Até que num dia a sair do trabalho, já tarde, o meu telefone toca, e aí tremi! Naquele momento percebi que algo não estava bem, não pelo telefone porque todos os resultados me foram dados dessa forma, mas pela energia negativa que senti, quando vi o nome da minha médica no telefone.
Respirei fundo, atendi!
"Andreia, onde está? Estou a ir para casa. Mas está sozinha? Sim. Quer que lhe ligue mais logo? Não, pode já dizer.
Andreia, não tenho boas notícias para lhe dar, e aí foi como se tivesse levado um soco no estômago tão forte, que me levou o ar. Ouvi com atenção: O bebé veem com uma alteração muito grave, com graves problemas a nível de orgãos vitais, motoros e cognitivos. Com uma esperança média de vida pequena. É algo muito raro. E Andreia, não é uma trissomia, vai muito mais além que isso. É Grave!
Já falei com o seu médico ele já sabe de tudo, vá para junto do seu marido e vejam com o vosso médico o melhor para vocês. Do que precisar de mim estou aqui".
Desliguei. Fiquei cinco minutos dentro do carro a chorar e a pensar como é que aquilo me estava a acontecer. Ceguei naquele momento, não consegui pensar em nada. E a dor aumentava quando me lembrava que seria eu, sozinha, a dar esta notícia ao meu marido.
Respirei fundo mas ao mesmo tempo que respirava, as forças falhavam. Em segundos tive de ganhar forças para dar esta notícia quando eu ainda nem as tinha para mim.
Nunca desejei tanto não ir para casa, como naquele dia. Abro a porta de casa a tremer, olho para o meu marido e tenho-o a sorrir para mim enquanto está a dar o jantar à Constança. Vou em direcção à sala, respiro fundo, e em frações de segundos chamo-o, e naquele momento ele percebe que algo não está bem.

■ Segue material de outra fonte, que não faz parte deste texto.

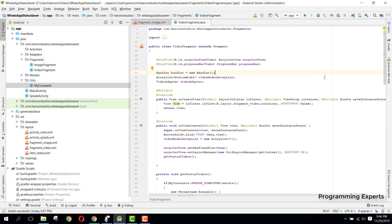Welcome to another video on Android app development. This is Part 7 of my video series on WhatsApp Status Saver Pro using Android Studio. In the previous part, we completed the image status display and the video status display — we were able to display all images and videos in their respective fragments. In this video, I'm going to teach you how to write the code to download an image or video.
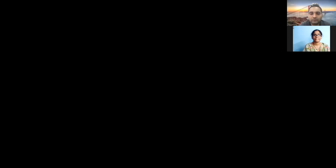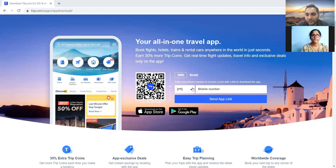Now let me share my screen. Is my screen visible? Yeah. Now you are supposed to write the test scenarios for this particular page. This is a travel website, and you have two options here — you can scan a QR code and download the app, or you can enter your mobile number and download the application. What would be the test scenarios for this particular website?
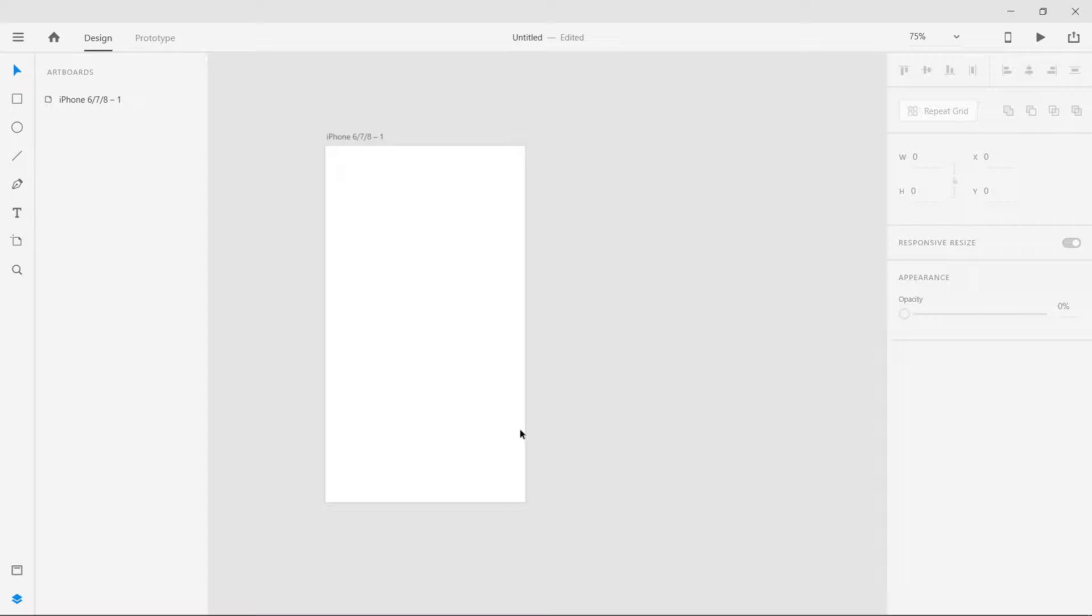Today we're going to look at a new Adobe XD feature which is plugins. Recently Adobe XD has included plugins and you can install different third-party plugins to extend the capabilities and features of Adobe XD.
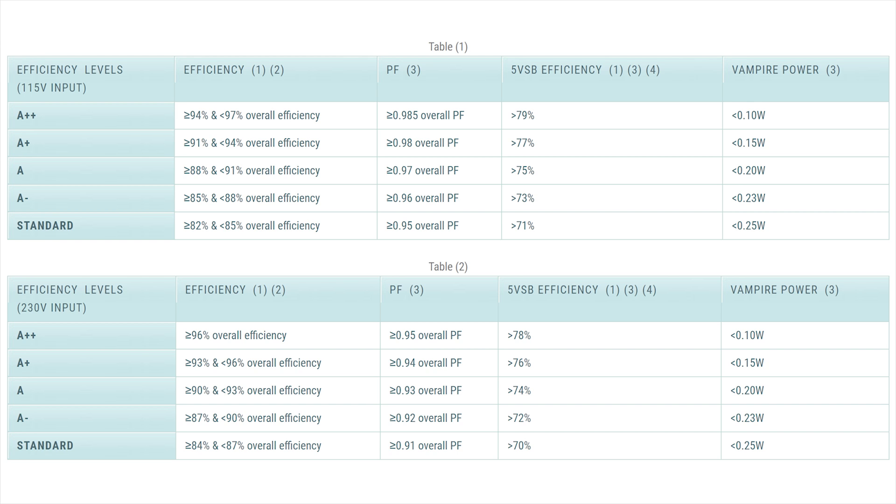Now, A+ means 94-97% average efficiency, which means that it has over 0.985 active power factor correction, which is really high, and also an over 79% 5-volt standby efficiency and less than 0.1 watt vampire power. So you can see the certifications have much more rigorous testing and more measurements done than just the plain 20%, 50%, 100% efficiency load. You can see the rest of them over here, so you can see that they test a lot more and it's a lot more indicative of the actual quality of the power supplies.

Dei-lhe a notícia a chorar e naquele instante vejo-o tal como eu, a desfalecer! Vejo-lhe a revolta no olhar e a preocupação por mim como nunca tinha visto até então.
Naquele momento, metemos tudo em cima da mesa e decidimos juntos!

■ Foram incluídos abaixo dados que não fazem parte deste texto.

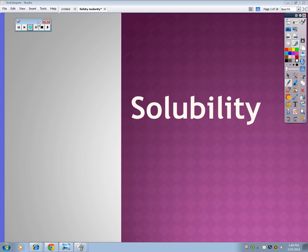Today we're going to talk about solubility, which ties into words like molarity, solute, and solvent. You're used to solubility — if you dissolve something in something else, you've worked with the word solubility. So when you make hot chocolate, you put hot chocolate into water or milk. The hot chocolate is called the solute, the milk or water is called the solvent, and how well it dissolves is called solubility.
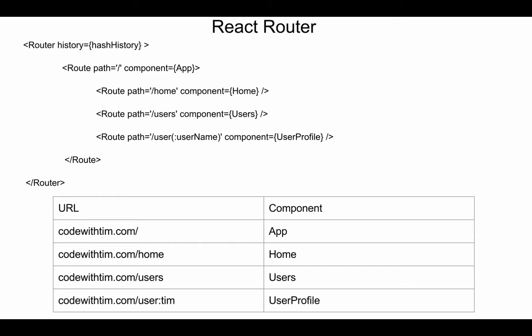So in the case of when a user goes to codewithtim.com forward slash, the root of that website, React Router will say render the app component when a user hits that URL. However, if they go to codewithtim.com forward slash home, we want them to get the home component. The same with codewithtim.com forward slash users, we want them to get the users component, and that's the component we've just built, that list of users.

Seria um caminho ingrato e sem esperança para um bebé indefeso e para uma família inteira. Não podíamos ser egoístas, ao ponto de trazer um bebé ao mundo para sofrer e dar uma batalha sem esperança aos nossos três filhos que já cá estavam.
Nãos lhes quis fazer isso! Estava muita coisa em causa!
E foi nesse dia que rejeitei a minha barriga, tive três dias sem olhar para ela. É duro carregar um filho na nossa barriga para depois o "matarmos".
Palavra forte esta! Mas era assim que me sentia. Culpada!
Foi esta, a razão da minha gravidez interrompida às 19 semanas.
Hoje com alguma ajuda, não me sinto culpada, tenho a certeza da minha decisão! E não me arrependo em nada. E a palavra morte deu lugar à palavra salvar. É nisto que hoje acredito. Que salvei a minha filha do sofrimento.
Sei que este assunto é controverso e que gera muita opinião. Mas não se esqueçam que deste lado está uma pessoa com sentimentos e que não precisa de julgamentos.
A Empatia deverá prevalecer sempre para um mundo melhor!
Eu disse-vos, que a seu tempo vos contaria os motivos, e hoje estão aqui preto no branco.
Obrigada pelo vosso carinho, respeito e amor que nos fizeram chegar neste período tão difícil da nossa vida. Serei-vos eternamente grata.